(Beginning of The data)
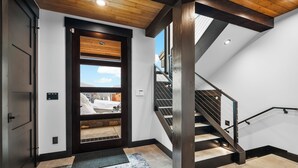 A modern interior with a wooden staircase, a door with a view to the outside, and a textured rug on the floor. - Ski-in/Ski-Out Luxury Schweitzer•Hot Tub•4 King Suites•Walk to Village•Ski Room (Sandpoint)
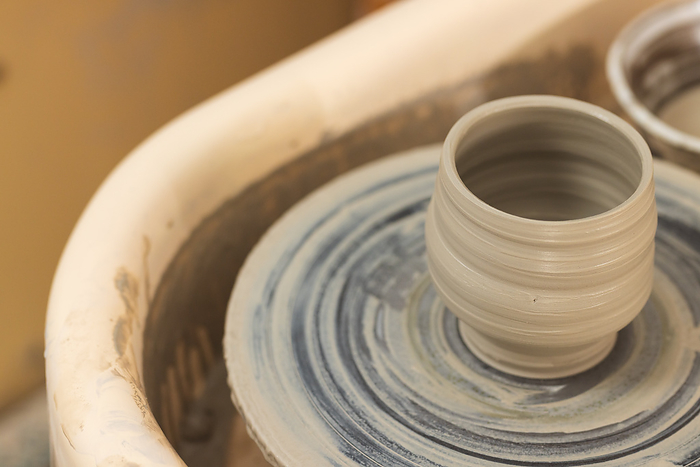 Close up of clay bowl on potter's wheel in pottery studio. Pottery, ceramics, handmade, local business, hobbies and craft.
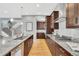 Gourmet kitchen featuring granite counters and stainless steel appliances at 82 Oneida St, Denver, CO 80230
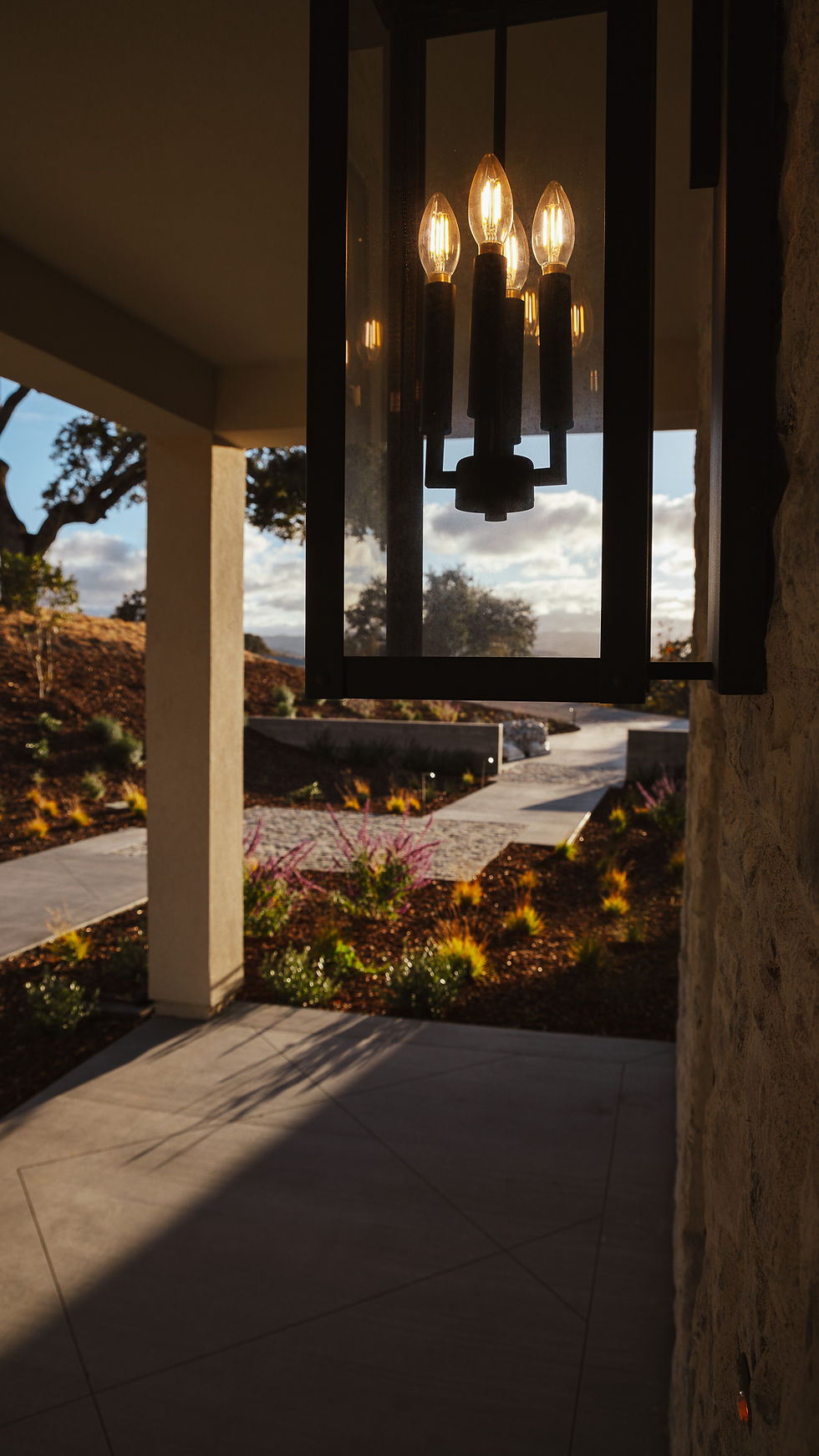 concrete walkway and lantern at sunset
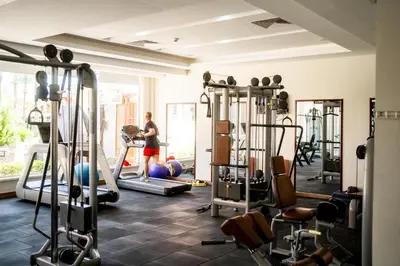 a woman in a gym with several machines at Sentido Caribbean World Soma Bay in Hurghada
(End of The data)
(Beginning of The data)
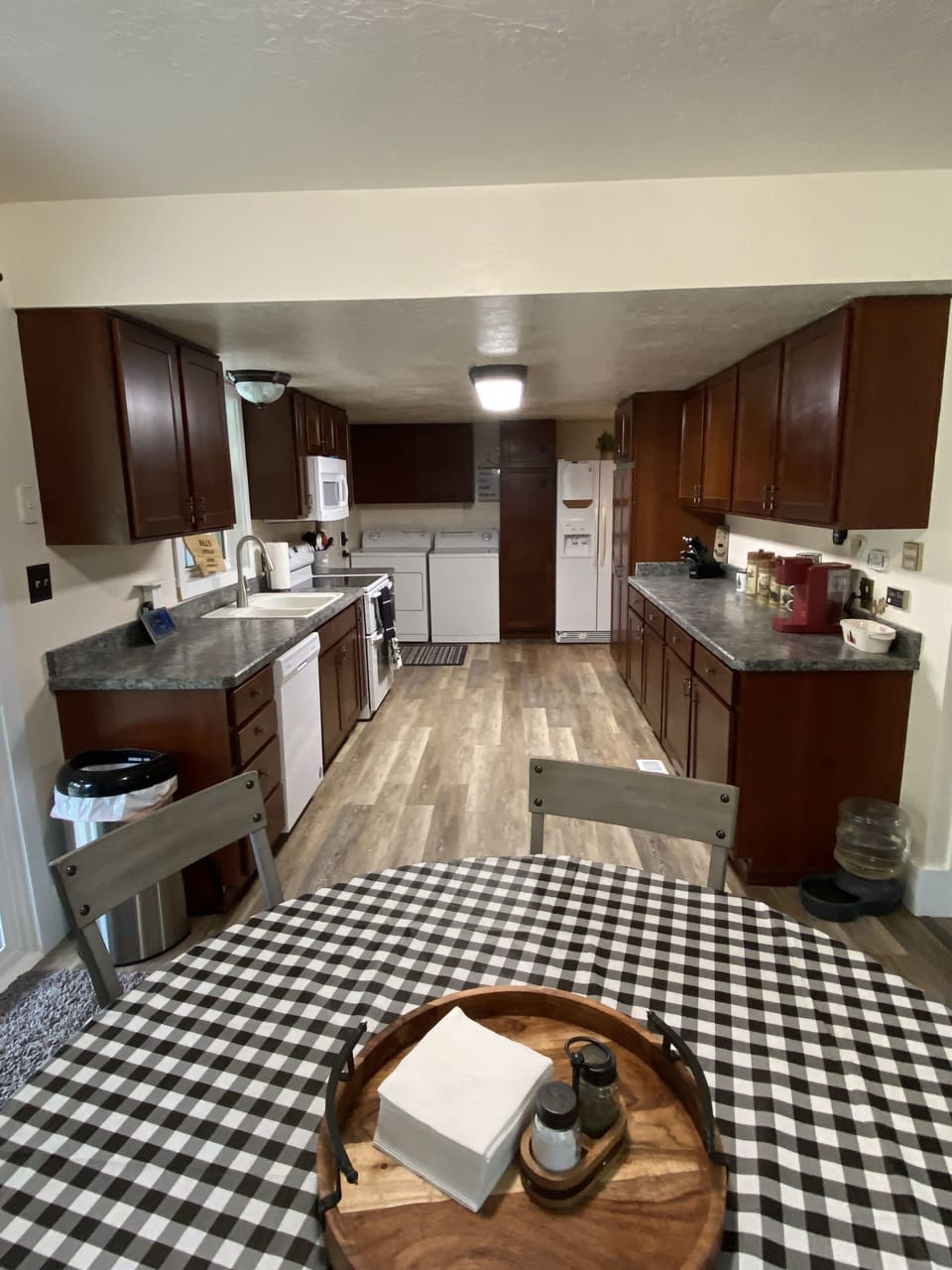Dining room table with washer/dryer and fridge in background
(End of The data)
(Beginning of The data)
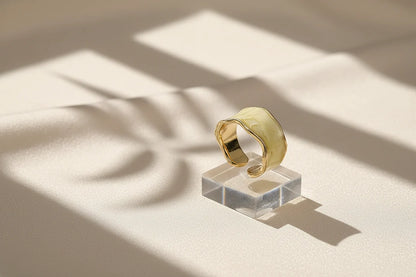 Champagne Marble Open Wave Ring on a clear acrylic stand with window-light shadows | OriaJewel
(End of The data)
## [Task goal]
Look above for the line holding "A modern interior" and output everything from it down to the line holding "concrete walkway and lantern at sunset", both ends included, exactly and without images.

## [Response area]
 A modern interior with a wooden staircase, a door with a view to the outside, and a textured rug on the floor. - Ski-in/Ski-Out Luxury Schweitzer•Hot Tub•4 King Suites•Walk to Village•Ski Room (Sandpoint)
 Close up of clay bowl on potter's wheel in pottery studio. Pottery, ceramics, handmade, local business, hobbies and craft.
 Gourmet kitchen featuring granite counters and stainless steel appliances at 82 Oneida St, Denver, CO 80230
 concrete walkway and lantern at sunset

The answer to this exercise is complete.